## Problem requirements
Only the lines below starting at the one that contains "Dog And Cat" and ending at the one that contains "Leinwandbild Fensterbilck Fenster" are to be reproduced, exactly and with both ends kept.

## Dataset records

------------------------------------------------------------------------

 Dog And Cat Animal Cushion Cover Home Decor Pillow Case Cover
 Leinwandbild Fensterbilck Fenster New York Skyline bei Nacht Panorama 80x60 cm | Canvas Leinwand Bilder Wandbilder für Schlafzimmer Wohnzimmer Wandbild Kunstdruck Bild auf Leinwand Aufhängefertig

------------------------------------------------------------------------

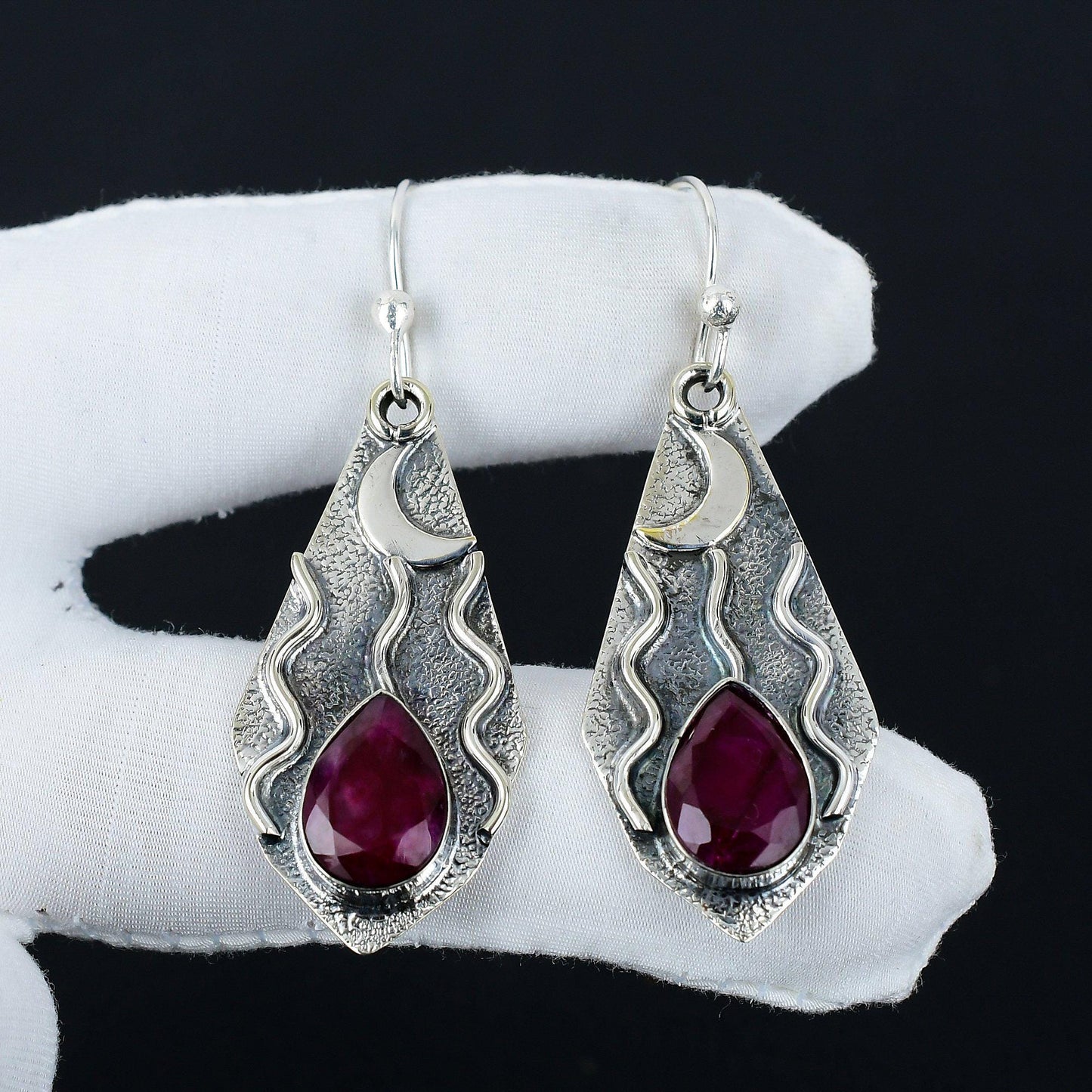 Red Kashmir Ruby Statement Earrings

------------------------------------------------------------------------

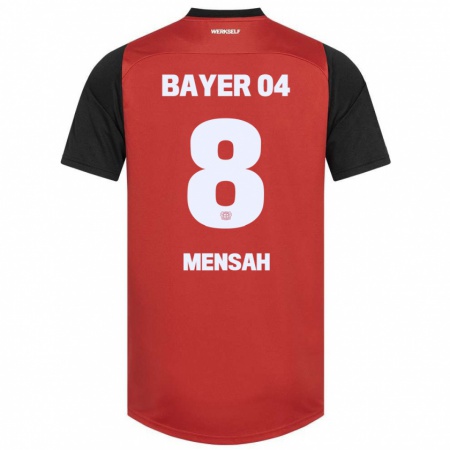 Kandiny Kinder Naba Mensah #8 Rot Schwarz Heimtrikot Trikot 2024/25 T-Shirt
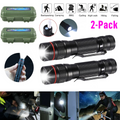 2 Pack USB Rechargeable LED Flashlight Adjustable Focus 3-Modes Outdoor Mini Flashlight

------------------------------------------------------------------------

## Exercise output
 Dog And Cat Animal Cushion Cover Home Decor Pillow Case Cover
 Leinwandbild Fensterbilck Fenster New York Skyline bei Nacht Panorama 80x60 cm | Canvas Leinwand Bilder Wandbilder für Schlafzimmer Wohnzimmer Wandbild Kunstdruck Bild auf Leinwand Aufhängefertig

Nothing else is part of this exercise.